|LESSONS from Our Lord for the World
Volume I Lesson #33
January 12, 1989
If you cry because of your love for Me, imagine how much I cry because of My Love for My children. I love them so much that you cannot understand that level of Love. I tell you, My heart aches with much pain for My people because of the great Love I have for them. My people have the desire for love, but not the willingness to love; so they
are controlled by demons of fear, disappointment, hopelessness and worry.
If only they would be willing to allow Me to help them! If only they would be willing! However, they are strapped in by “control.” They are so convinced that they can control their lives better than I could. Then, when their fear of survival has weakened them, they cry out to My Father, and damn Him for the turmoil that could have been prevented had they allowed Us to control their weakness.
I tell you, My pain comes from wanting to help My people, but they will not allow Me. Please believe Me when I say: “It is not I Who bring your turmoil.” If you believe Me, you believe in Me, and you believe in My Father’s goodness, which is My Divinity.
How can I better express to you the seriousness of this Truth and the longing I have to fill My people with love and happiness? How much would I give to My people, if they would allow Me!
My child, to the depths of the principalities of My Power I would give to them, and desire to now! This is not a game. This is real! My people think that because they do not see, it is not real. I am alive, and I dwell among you!

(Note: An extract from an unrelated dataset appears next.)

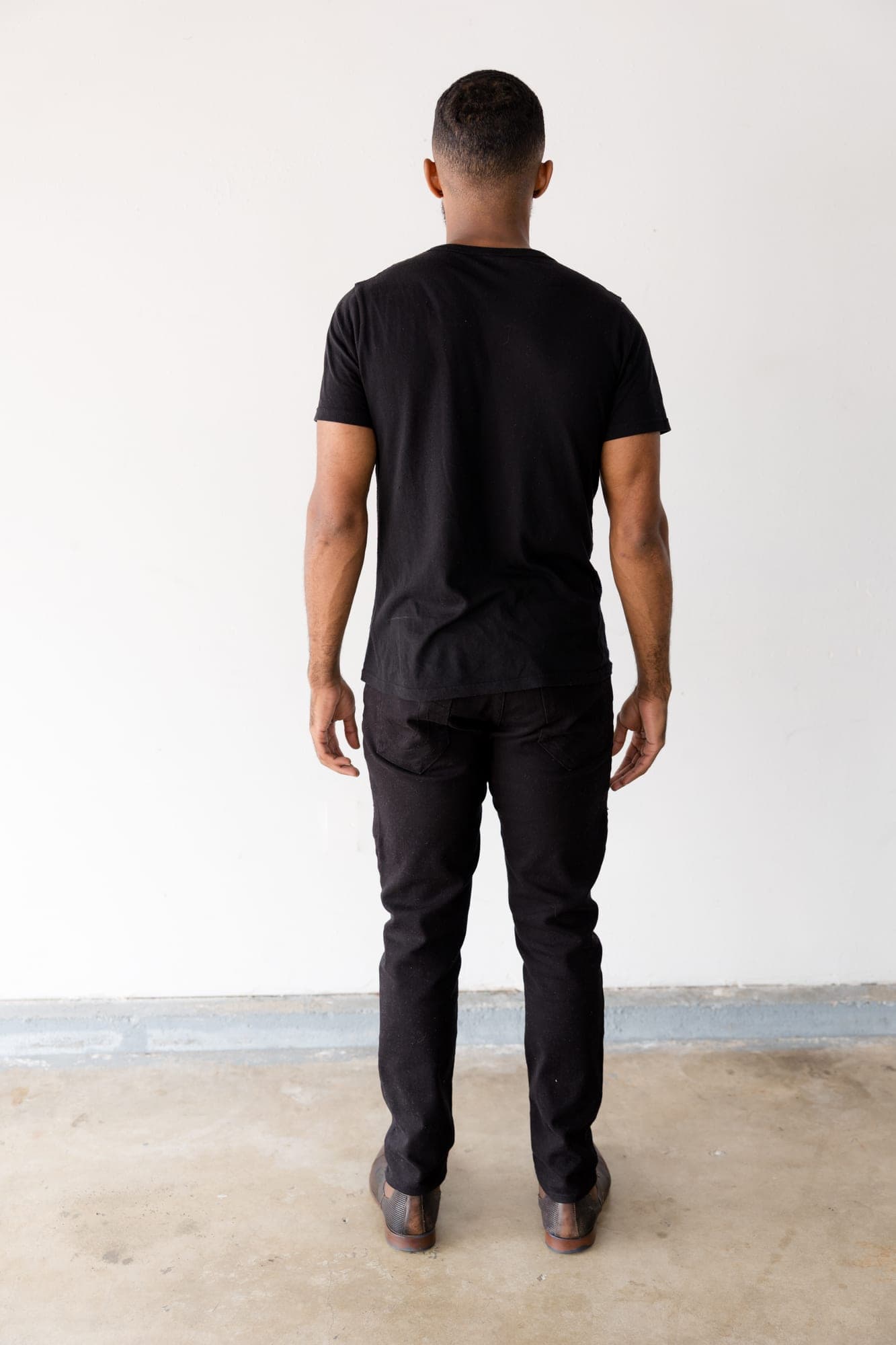 Full length digital of Abyon Ausar from behind against a white wall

Your theologians will attempt to decipher this meaning, I assure you. They, instead, should pray for the discernment of My meaning in their lives. My dear one, what I see and what I hear grieves Me because of My Love for My people. My weariness stems from the pain which My Mother feels when she comforts her children and is not comforted in return!
I have been explaining this to you, so that you understand the Truth of what is to come if My people do not change and commence giving glory to My Father.